From Refugee to Researcher
NREL Scientist Gives Back to Science, Society After Fleeing Postwar Vietnam
Oct. 7, 2019
Huyen Dinh was nine years old when she fled Vietnam in 1979 with her mother and two younger sisters.
Their father had already left for the United States five years earlier when U.S. troops evacuated the country. With only the clothes on their backs, they escaped—surviving hunger, a perilous sea journey threatened by pirate attacks, and a refugee camp in Malaysia.
Eventually, they settled in Canada, with no job, no community, and no knowledge of the language or the culture of their new home.
“My mother did not want us to grow up in a communist country,” Dinh said. “She wanted us to have freedom and opportunities, so that we can pursue anything we want to do. My mother and father made lots of sacrifices for us so that we can have a better life.”
That sacrifice has paid off, as Dinh wound up earning her Ph.D. in electrochemistry in 1998, and in 2007 arrived at the U.S. Department of Energy’s (DOE’s) National Renewable Energy Laboratory (NREL). Today, she serves as a senior scientist and hydrogen production lead at NREL, and acts as the liaison between DOE and NREL on hydrogen production research projects.
Her team uses wind energy and solar power to “split water,” yielding renewable hydrogen that powers fuel cell cars, which then convert the hydrogen back into water.
“We split water by using renewable electricity to make sustainable hydrogen,” she explains. “We’re working on four different water-splitting technologies: low- and high-temperature advanced electrolysis, solar thermochemical water splitting, and photoelectrochemical water splitting. We're working hard to make low-cost, renewable, and sustainable hydrogen for energy storage, transportation, and the grid.”
For the past three years, she has served as director of HydroGEN, a consortium NREL leads with five other national laboratories. HydroGEN aims to facilitate collaborations between federal laboratories, academia, and industry. As part of her work, she connects NREL experts and helps coordinate approximately 20 different HydroGEN projects with universities, industry partners, and other national laboratories.

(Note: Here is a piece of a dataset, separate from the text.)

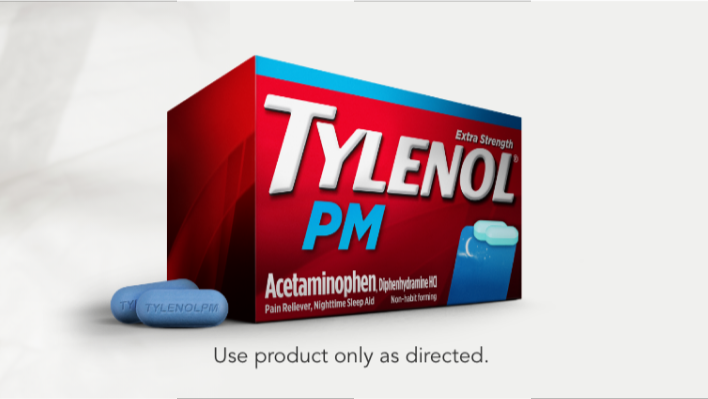 A woman sleeping and a package of TYLENOL® PM caplets with acetaminophen and diphenhydramine HCl.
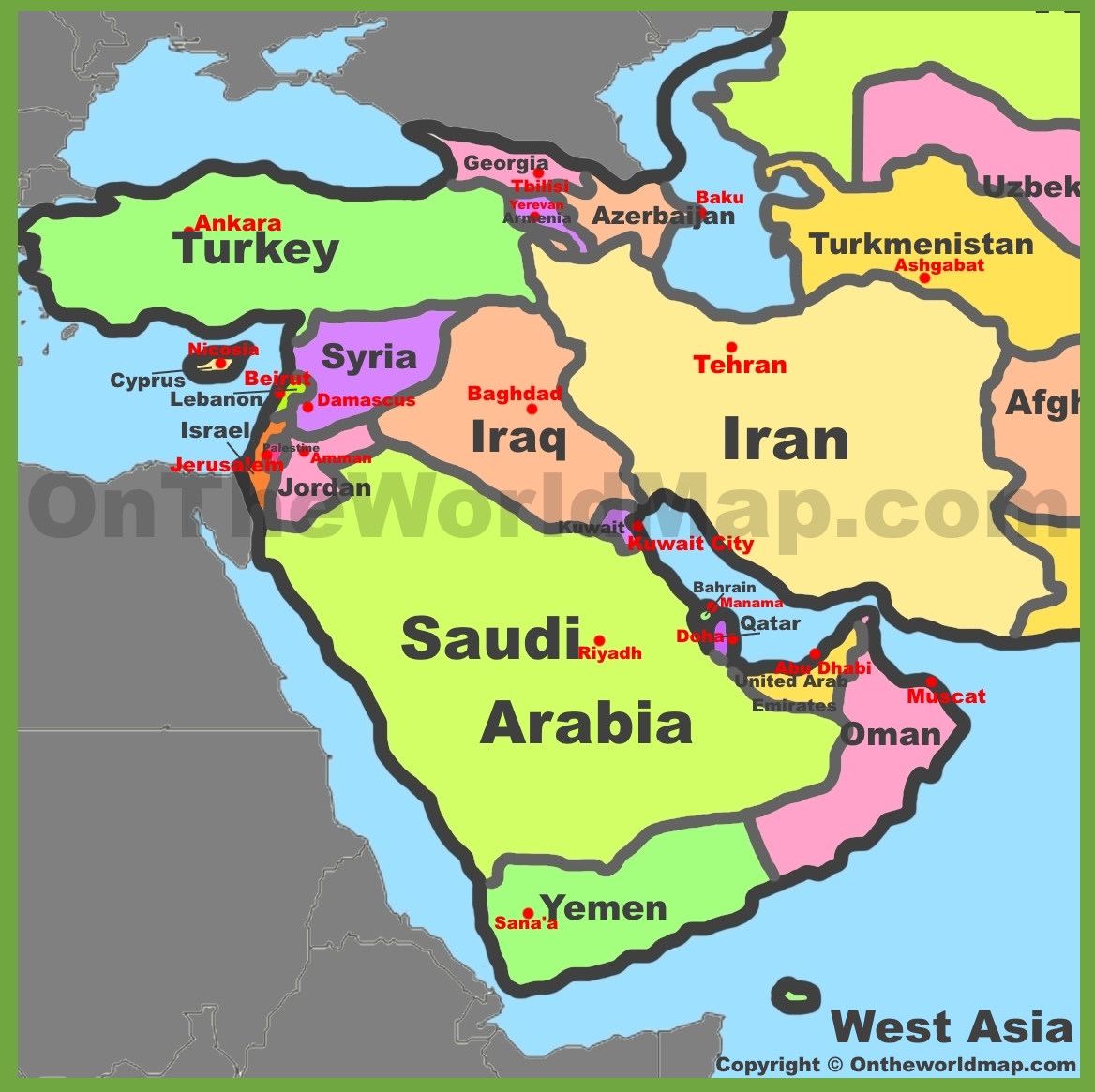 Map Of South And West Asia 82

In 2018, DOE’s Fuel Cell Technologies Office honored her for outstanding dedication and organizational excellence in leading HydroGEN. In 2019, the laboratory gave Dinh an NREL Staff Award for her "extremely successful and timely development of HydroGEN and enhancing hydrogen production research at NREL."
Hydrogen research has been in the spotlight this year, with DOE announcing $31 million in funding to advance the H2@Scale concept. The focus of H2@Scale is to enable affordable and reliable large-scale hydrogen generation, transport, storage, and utilization in the United States across multiple sectors.
This research and development feeds into existing commercial hydrogen products and different applications, such as the production of hydrogen for fuel cell vehicles. NREL’s work also aims to decrease the cost of electrolyzers with an eye toward producing hydrogen at scale. An overarching goal is to reduce carbon emissions.
Paying It Forward
Dinh’s determination to honor her family’s great sacrifice spans beyond her own accomplishments. During her tenure at NREL, she has mentored many students and researchers. And while the intensity of her more recent work has reduced her mentoring activity, those who have benefited from her involvement remain eternally grateful.
"I am thankful that Huyen was my NREL mentor as part of the Science Undergraduate Laboratory Internship program,” said Jesse Ko, now a postdoctoral researcher at the SLAC National Accelerator Laboratory where he earned an outstanding mentor award this year. “She taught me to be meticulous about electrochemical measurements and also showed me new perspectives on how to interpret the acquired data. She prepared me well for my Ph.D. program—and to this day, I still focus on electrochemical characterization.”
Such responses validate Dinh’s desire to give back to others in the ways she was assisted along her journey.
A Lifelong Journey
Huyen has only returned once to her native country. “When I visited Vietnam in 1998, there were many beggars and lots of poor people,” she said. “If we had stayed in Vietnam, we could have been them, and I wouldn’t have the education and the life I have now.”
Dinh now lives in Westminster, Colorado, with her two children—a 13-year-old daughter and a 9-year-old son—and feels Colorado is home. “It’s like Calgary, only warmer,” she laughed. One of her sisters also lives in Colorado, so there’s “a sense of family.”
Her early life lessons still burn in her memory—and inspire her research, as well as her mentorship of upcoming scientists.
“I feel that if I, as a young girl who didn’t know the language, could come to a foreign country with nothing except the clothes on my back and get a university education—then I can do anything I set my mind to,” she said. “So, I keep learning, and I always try to be and do things better. My experiences also helped me try to understand people—to treat and work with people fairly and with respect, regardless of their backgrounds.”